Stage 4 – Cancer cells have spread (metastasized) outside the prostate to other tissues, commonly including the bones and lymph nodes.
Treatment Options for Prostate Cancer
Treatment options for prostate cancer are determined by location, size, stage of cancer, physical and mental condition of the patient, as well as the quality of life of the patient after treatment. Currently, treatment options include the following:
- Surgery , which is divided into 2 main methods:
1. Laparoscopic Radical Prostatectomy – This type of surgery has been developed from traditional open abdominal surgery. With this method, the doctor inserts a tiny camera called a laparoscope and other special instruments through 5 tiny incisions in the abdomen below the navel, and performs the surgery via the images viewed on a monitor. The results of this type of surgery include less pain for patients, faster recovery, fewer side effects, and better treatment results than those associated with open abdominal surgery.
2. Robotic–assisted da Vinci Surgery or Da Vinci Prostatectomy) – This procedure involves the use of robotic arms which are controlled by the surgeon. It not only has the advantages of less pain and faster recovery time as is the case with laparoscopic surgery, but it also increases the chances of patients being able to control urinary incontinence post-surgery and minimizes the risks of erectile dysfunction.
- Radiation Therapy – This includes both brachytherapy (internal radiation) and external beam radiation. The type of radiation therapy used depends on whether the level of the prostate cancer is low-risk, intermediate-risk, or high-risk.

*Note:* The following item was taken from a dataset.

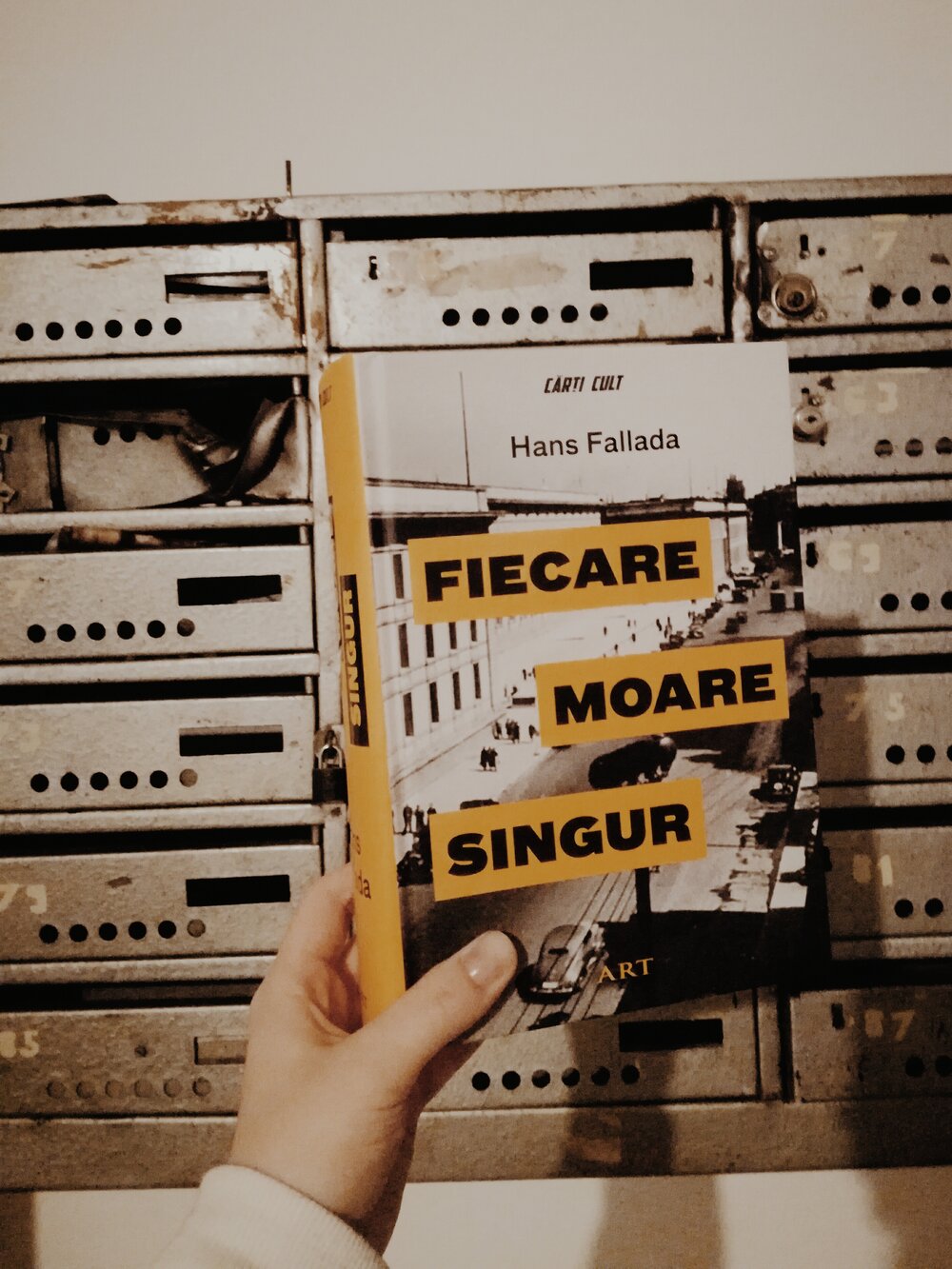 Fiecare moare singur, Hans Fallada, Editura ART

- Chemotherapy – Improved treatment results are currently being seen with chemotherapy. At the same time, doctors also have methods for relieving and minimizing adverse reactions that are side effects of the drugs.
- Hormone Therapy – This is often used as an additional treatment after surgery or in cases where the cancer is in a metastatic stage. With this treatment, the physician will try to reduce or stop the body from producing the male hormone testosterone through medication – if medication is not successful, surgical options would need to be considered.